»»

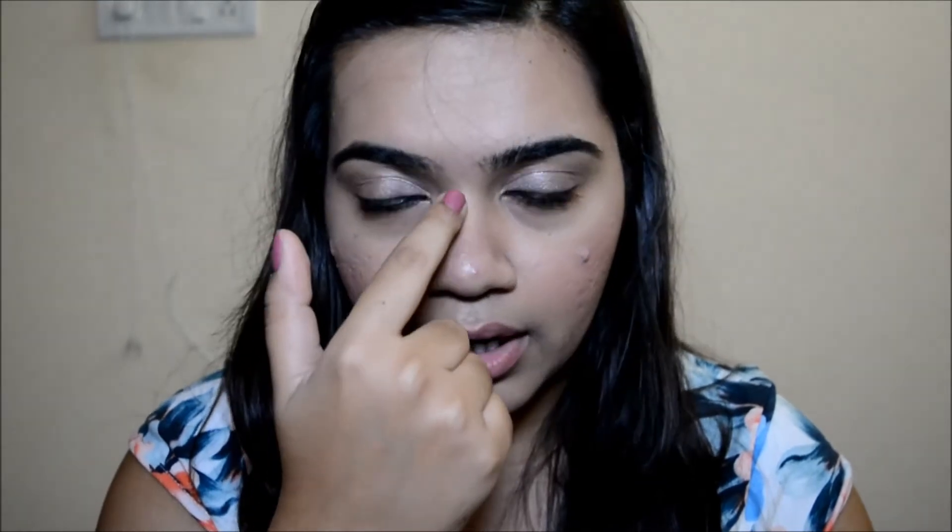This side without primer doesn't look like the foundation has blended that well, while the primed side looks way more blended overall. When I put this product on my bare face, the first thing I really loved was the smell — it's pretty subtle with that nice cooling scent but not overpowering. Once I put it on, I could find that my T-zone, my nose, and the areas where my pores are really big and visible to the naked eye — those pores kind of just vanished.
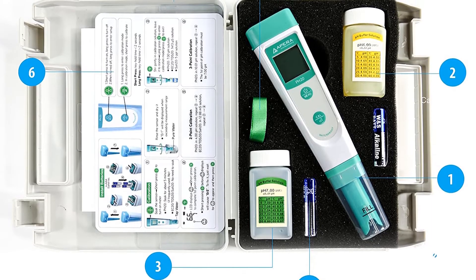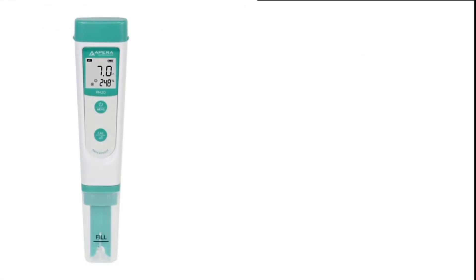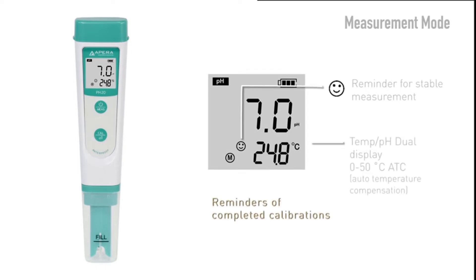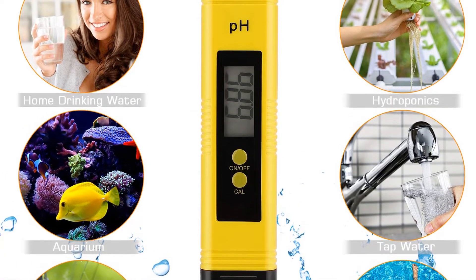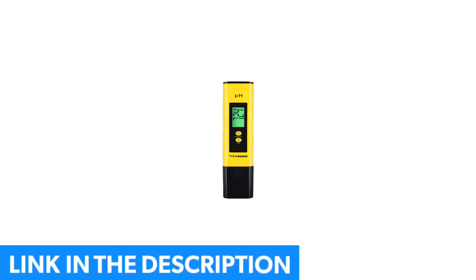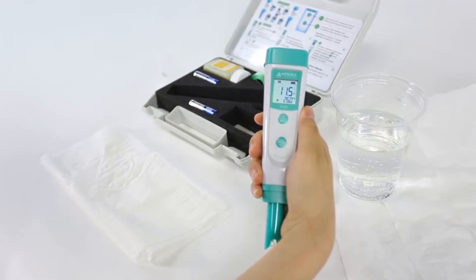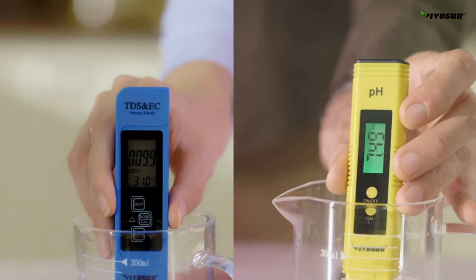The Apera Instruments Waterproof pH Tester is another great example of a quality starter pH reader. This meter is battery-powered, giving up to 2,000 hours of continuous runtime. It comes with auto-calibration and an excellent pH sensor to give you a high response rate. The Apera pH tester includes a lanyard, two buffer solutions, and a carrying case. Customers get a two-year warranty with this product. One con is that it's a bit difficult to calibrate — it often takes more than one try, and some customers had to cross-check it with another meter to make sure it was correct.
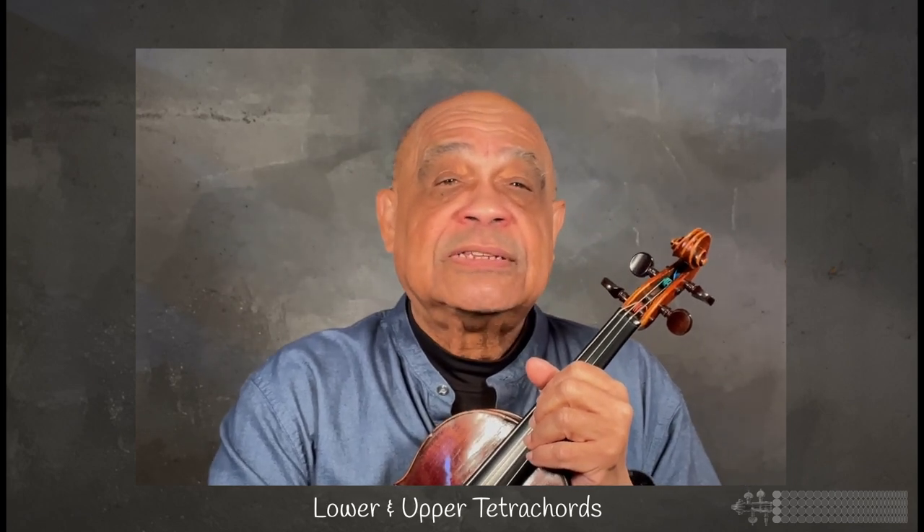I connected my fingering board to scales based on tetrachords — tetra meaning four and chords meaning notes. In scales they are called lower and upper tetrachords.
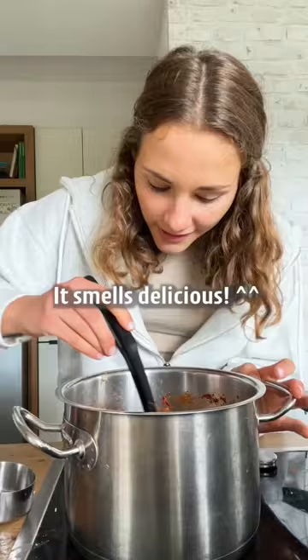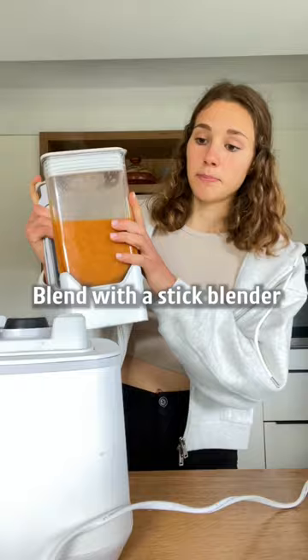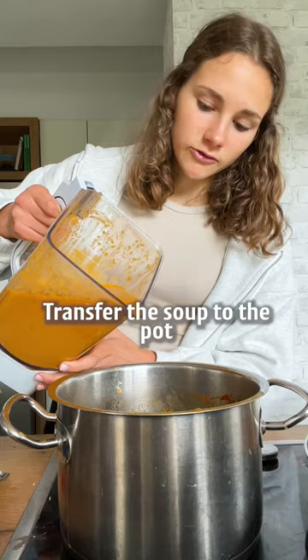It smells delicious. Let it simmer for about 30 minutes. Blend with the stick blender or high speed blender. Transfer the soup to the pot and add more water or spices if needed. Ready to serve.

««

__WORK TO COMPLETE__.
From the material above, reproduce everything verbatim except the pictures.

__RESPONSE__.
This side without primer doesn't look like the foundation has blended that well, while the primed side looks way more blended overall. When I put this product on my bare face, the first thing I really loved was the smell — it's pretty subtle with that nice cooling scent but not overpowering. Once I put it on, I could find that my T-zone, my nose, and the areas where my pores are really big and visible to the naked eye — those pores kind of just vanished.
The Apera Instruments Waterproof pH Tester is another great example of a quality starter pH reader. This meter is battery-powered, giving up to 2,000 hours of continuous runtime. It comes with auto-calibration and an excellent pH sensor to give you a high response rate. The Apera pH tester includes a lanyard, two buffer solutions, and a carrying case. Customers get a two-year warranty with this product. One con is that it's a bit difficult to calibrate — it often takes more than one try, and some customers had to cross-check it with another meter to make sure it was correct.
I connected my fingering board to scales based on tetrachords — tetra meaning four and chords meaning notes. In scales they are called lower and upper tetrachords.
It smells delicious. Let it simmer for about 30 minutes. Blend with the stick blender or high speed blender. Transfer the soup to the pot and add more water or spices if needed. Ready to serve.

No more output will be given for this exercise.